(AVAILABLE DATA)

::::::

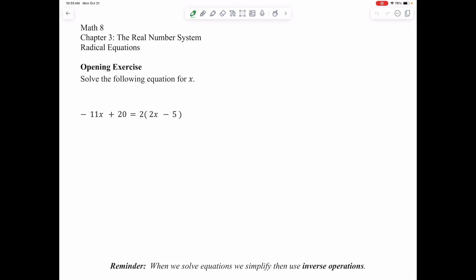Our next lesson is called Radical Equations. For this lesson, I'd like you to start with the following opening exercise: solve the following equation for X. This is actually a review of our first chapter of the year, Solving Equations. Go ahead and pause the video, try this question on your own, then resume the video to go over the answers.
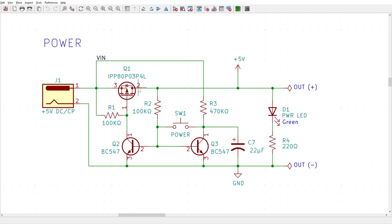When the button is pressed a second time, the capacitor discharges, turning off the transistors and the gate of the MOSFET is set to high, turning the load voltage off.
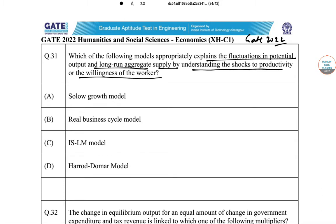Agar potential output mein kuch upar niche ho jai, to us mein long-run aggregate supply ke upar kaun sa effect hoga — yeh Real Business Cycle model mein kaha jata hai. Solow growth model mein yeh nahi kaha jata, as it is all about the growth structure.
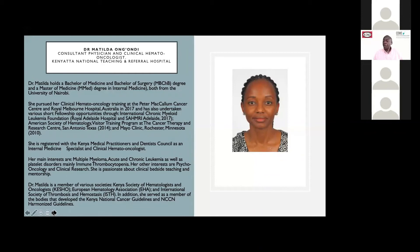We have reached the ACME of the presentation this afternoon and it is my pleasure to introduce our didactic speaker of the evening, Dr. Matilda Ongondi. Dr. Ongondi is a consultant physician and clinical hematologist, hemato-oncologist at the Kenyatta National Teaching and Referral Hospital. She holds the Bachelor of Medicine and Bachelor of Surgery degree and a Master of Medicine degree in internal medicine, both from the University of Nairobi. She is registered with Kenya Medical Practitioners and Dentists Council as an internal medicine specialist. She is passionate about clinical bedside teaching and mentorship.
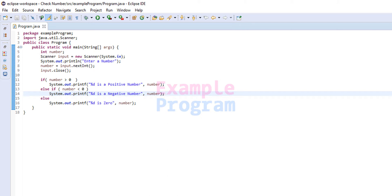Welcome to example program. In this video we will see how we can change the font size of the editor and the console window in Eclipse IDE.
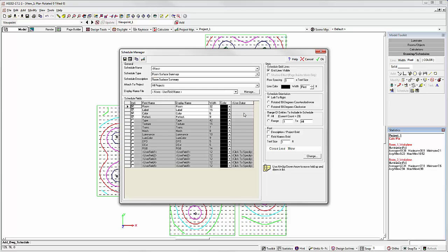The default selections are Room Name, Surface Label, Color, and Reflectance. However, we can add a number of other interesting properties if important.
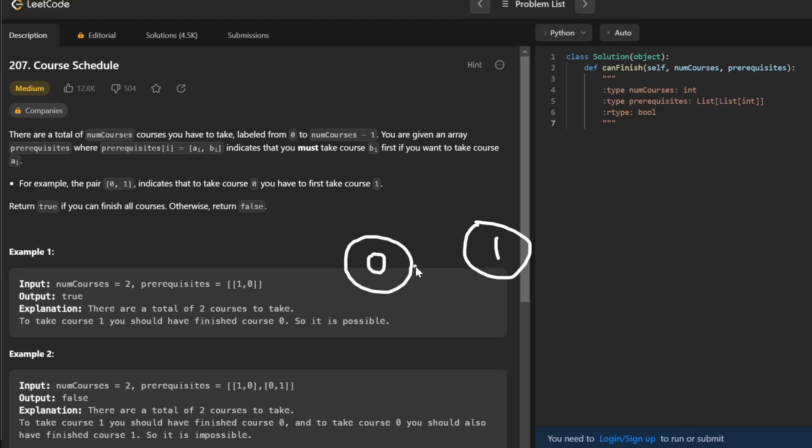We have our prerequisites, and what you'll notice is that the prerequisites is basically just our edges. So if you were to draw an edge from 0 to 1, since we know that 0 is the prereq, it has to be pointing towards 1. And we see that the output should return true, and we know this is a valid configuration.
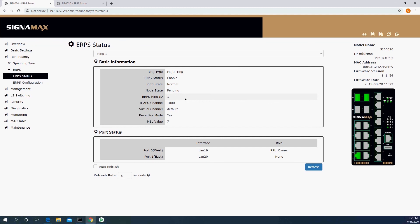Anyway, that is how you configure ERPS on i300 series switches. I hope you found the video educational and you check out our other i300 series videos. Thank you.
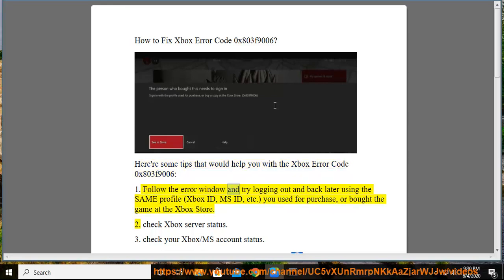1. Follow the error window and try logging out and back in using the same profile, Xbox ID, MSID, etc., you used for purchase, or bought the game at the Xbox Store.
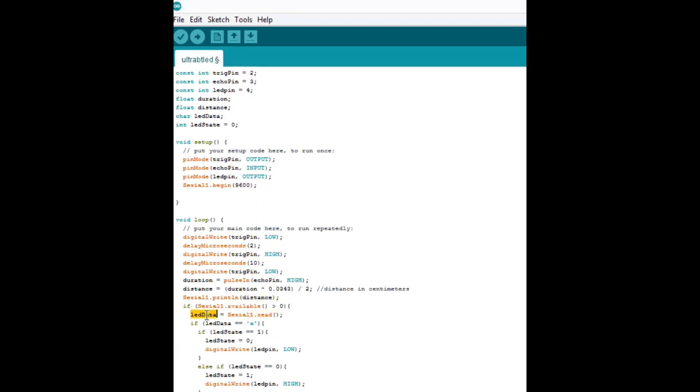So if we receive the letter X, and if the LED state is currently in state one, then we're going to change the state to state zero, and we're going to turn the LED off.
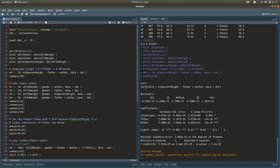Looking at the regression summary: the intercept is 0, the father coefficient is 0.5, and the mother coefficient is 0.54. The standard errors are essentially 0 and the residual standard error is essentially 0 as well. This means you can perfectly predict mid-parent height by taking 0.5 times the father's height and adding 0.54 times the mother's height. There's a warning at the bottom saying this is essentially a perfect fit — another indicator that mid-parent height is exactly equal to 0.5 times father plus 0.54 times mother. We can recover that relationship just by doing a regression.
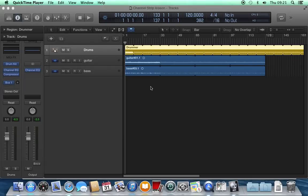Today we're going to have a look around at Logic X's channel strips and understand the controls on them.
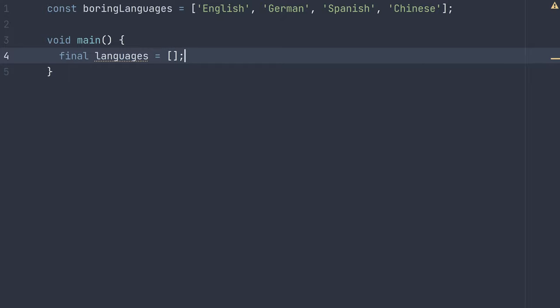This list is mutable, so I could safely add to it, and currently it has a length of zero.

::::::

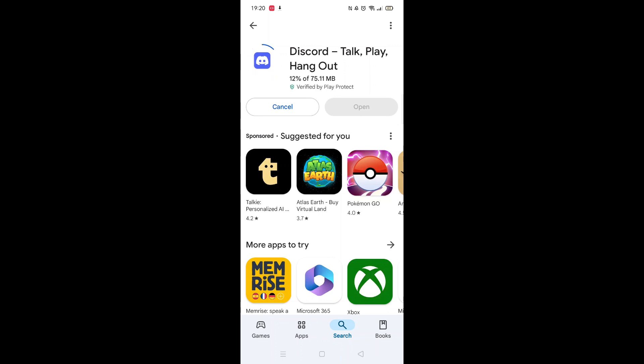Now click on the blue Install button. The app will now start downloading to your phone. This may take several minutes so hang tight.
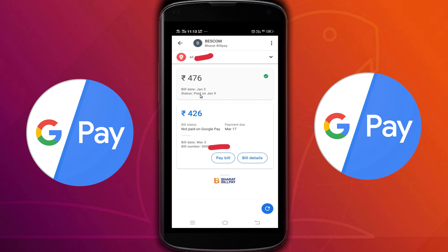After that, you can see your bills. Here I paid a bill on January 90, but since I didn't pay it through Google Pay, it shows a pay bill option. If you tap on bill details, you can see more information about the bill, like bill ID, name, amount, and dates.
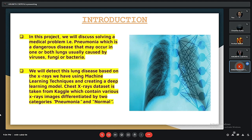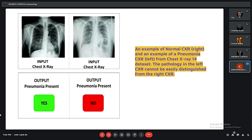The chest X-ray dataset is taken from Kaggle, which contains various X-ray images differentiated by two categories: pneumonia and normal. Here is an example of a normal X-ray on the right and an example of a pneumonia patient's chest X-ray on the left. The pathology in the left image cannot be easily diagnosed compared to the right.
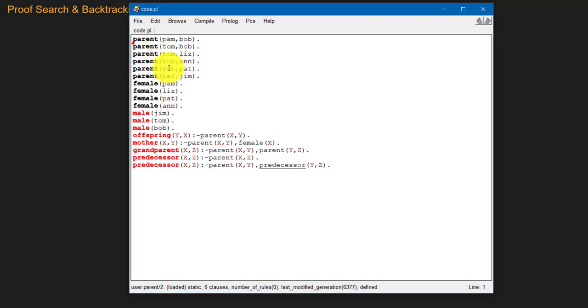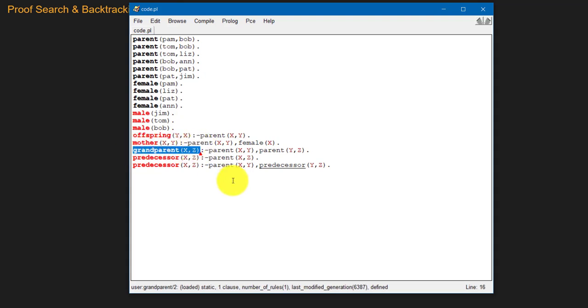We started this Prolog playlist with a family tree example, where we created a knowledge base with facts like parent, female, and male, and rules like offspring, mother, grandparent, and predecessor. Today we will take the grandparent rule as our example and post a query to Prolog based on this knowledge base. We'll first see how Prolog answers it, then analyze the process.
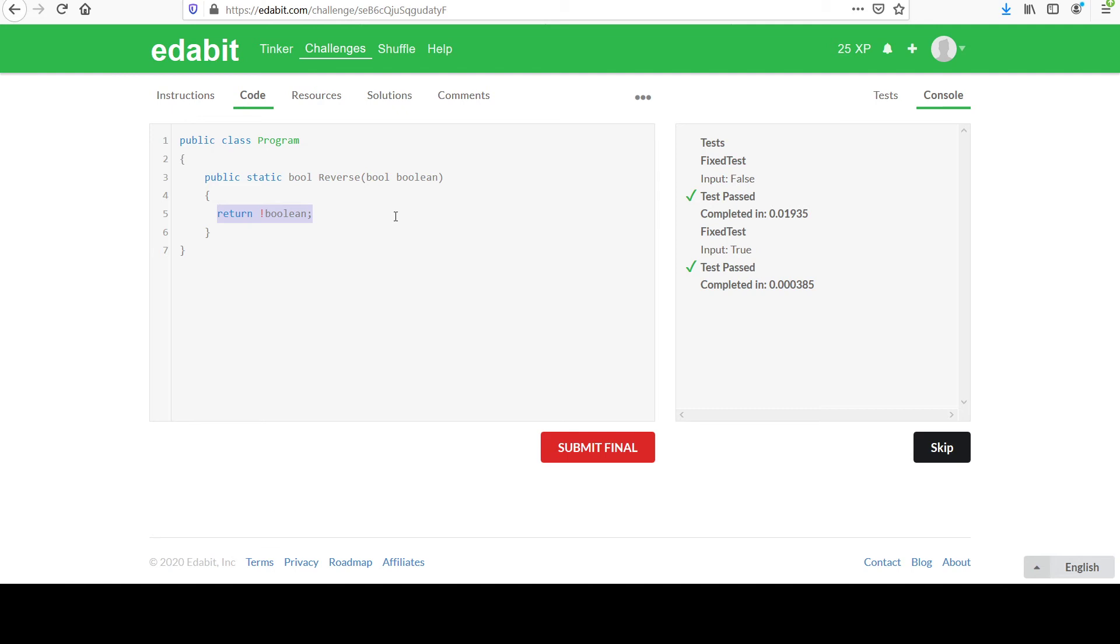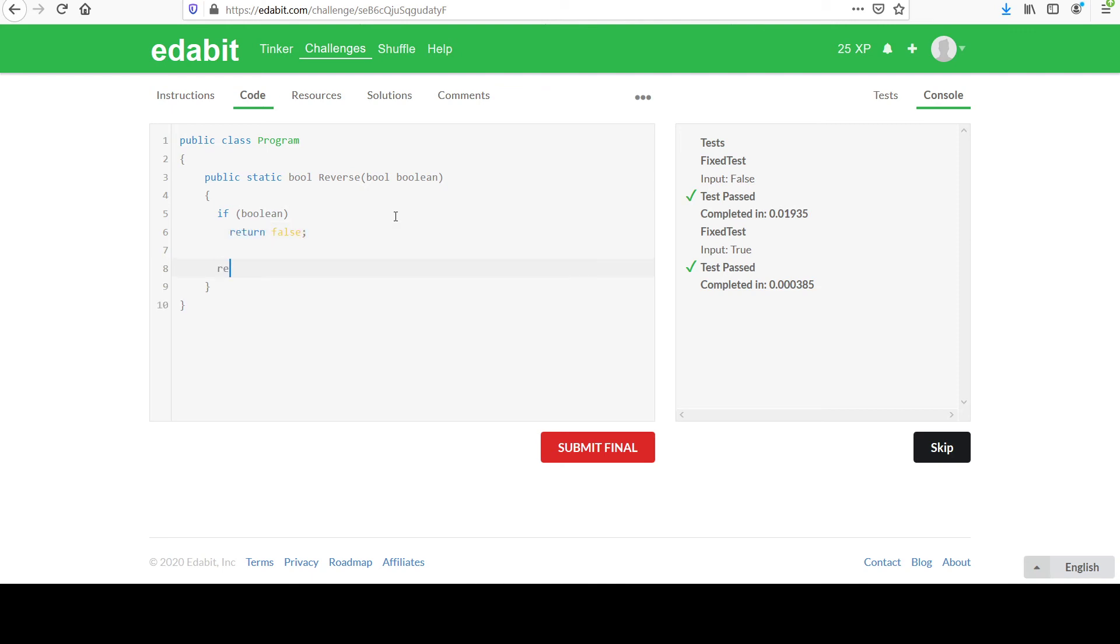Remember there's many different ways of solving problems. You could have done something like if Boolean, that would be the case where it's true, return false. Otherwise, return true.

::::::

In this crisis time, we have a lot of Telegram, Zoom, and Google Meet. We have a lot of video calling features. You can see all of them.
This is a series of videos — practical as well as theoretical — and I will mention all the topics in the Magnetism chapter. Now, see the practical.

::::::

(ABOUT THIS EXERCISE)
Set down, from the entries above, exactly the lines from the one with "In this crisis" up to and including the one with "This is a series", and no other lines.

(YOUR RESPONSE)
In this crisis time, we have a lot of Telegram, Zoom, and Google Meet. We have a lot of video calling features. You can see all of them.
This is a series of videos — practical as well as theoretical — and I will mention all the topics in the Magnetism chapter. Now, see the practical.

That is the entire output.